Instructions for the task:
Scan the records for the string "Owners" and copy every line that holds it.

Web page caption snippets

========================

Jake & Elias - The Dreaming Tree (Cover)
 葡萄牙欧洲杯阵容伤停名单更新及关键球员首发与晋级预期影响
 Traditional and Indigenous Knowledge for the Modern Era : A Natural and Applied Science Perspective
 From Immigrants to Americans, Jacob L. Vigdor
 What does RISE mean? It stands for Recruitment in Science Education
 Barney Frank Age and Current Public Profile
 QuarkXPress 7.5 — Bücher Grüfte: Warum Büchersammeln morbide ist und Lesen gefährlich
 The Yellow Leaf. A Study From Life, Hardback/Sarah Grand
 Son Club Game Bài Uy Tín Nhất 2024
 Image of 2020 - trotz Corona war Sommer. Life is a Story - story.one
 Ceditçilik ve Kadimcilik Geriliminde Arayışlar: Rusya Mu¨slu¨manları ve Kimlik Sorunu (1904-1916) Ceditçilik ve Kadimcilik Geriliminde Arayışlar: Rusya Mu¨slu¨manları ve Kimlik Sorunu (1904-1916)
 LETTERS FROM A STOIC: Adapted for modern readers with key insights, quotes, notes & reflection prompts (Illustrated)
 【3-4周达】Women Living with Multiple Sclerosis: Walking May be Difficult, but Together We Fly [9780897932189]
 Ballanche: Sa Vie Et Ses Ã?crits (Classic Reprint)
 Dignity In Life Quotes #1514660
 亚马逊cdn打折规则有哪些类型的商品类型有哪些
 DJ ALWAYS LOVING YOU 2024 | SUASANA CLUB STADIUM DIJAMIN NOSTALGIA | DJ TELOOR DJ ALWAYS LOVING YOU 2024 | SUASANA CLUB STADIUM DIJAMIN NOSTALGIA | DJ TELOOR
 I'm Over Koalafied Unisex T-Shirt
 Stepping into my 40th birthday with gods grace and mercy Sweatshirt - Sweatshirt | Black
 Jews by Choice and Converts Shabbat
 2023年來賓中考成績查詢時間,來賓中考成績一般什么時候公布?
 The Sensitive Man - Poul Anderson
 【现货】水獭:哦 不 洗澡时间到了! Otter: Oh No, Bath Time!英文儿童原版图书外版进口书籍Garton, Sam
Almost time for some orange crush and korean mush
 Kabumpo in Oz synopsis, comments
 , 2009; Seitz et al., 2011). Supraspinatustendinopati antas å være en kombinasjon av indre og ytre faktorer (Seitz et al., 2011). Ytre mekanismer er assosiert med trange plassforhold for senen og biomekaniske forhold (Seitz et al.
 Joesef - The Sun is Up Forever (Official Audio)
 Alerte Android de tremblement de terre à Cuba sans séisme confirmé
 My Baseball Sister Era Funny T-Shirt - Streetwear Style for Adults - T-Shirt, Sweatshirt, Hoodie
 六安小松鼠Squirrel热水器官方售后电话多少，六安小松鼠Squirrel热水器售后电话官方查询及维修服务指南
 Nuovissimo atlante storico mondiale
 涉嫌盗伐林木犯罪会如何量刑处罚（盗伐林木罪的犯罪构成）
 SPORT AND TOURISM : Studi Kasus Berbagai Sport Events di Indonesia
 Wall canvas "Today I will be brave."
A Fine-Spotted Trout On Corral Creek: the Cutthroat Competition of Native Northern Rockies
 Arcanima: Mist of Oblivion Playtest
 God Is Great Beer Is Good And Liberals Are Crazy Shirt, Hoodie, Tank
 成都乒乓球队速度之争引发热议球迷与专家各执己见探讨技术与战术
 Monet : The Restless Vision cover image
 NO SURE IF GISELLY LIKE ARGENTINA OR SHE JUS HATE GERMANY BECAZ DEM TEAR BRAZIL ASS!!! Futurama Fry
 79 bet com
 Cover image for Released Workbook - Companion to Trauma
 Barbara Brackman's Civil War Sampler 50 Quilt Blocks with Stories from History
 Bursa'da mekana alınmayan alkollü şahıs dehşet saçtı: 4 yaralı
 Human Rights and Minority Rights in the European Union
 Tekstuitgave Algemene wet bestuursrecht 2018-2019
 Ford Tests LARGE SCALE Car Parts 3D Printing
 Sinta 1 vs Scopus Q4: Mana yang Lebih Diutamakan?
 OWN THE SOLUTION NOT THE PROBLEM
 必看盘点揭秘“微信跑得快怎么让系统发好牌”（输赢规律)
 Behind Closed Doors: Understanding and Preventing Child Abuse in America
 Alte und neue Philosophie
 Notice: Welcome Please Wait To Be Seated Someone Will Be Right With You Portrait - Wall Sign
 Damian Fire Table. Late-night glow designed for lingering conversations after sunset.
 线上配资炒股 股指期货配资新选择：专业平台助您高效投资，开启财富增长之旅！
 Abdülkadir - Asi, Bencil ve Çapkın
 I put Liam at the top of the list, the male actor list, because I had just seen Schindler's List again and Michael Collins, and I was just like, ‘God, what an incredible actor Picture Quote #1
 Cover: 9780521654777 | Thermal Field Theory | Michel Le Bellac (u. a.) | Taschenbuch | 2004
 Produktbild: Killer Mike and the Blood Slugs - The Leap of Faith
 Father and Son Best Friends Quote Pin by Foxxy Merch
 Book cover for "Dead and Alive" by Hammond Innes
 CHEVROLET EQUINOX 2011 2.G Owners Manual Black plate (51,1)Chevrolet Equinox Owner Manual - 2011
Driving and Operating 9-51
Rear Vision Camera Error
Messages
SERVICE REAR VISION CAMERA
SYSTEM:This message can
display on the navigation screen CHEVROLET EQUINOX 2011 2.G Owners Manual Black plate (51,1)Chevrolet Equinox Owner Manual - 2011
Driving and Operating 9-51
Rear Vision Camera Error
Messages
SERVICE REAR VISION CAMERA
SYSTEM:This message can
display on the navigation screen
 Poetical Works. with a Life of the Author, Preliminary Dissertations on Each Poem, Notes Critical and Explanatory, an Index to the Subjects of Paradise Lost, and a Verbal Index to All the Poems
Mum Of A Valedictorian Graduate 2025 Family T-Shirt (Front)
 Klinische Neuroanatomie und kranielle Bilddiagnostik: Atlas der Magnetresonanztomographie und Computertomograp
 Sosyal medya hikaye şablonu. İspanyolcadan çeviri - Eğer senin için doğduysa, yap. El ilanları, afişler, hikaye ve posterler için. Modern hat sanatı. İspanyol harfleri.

========================

Written solution:
 CHEVROLET EQUINOX 2011 2.G Owners Manual Black plate (51,1)Chevrolet Equinox Owner Manual - 2011
display on the navigation screen CHEVROLET EQUINOX 2011 2.G Owners Manual Black plate (51,1)Chevrolet Equinox Owner Manual - 2011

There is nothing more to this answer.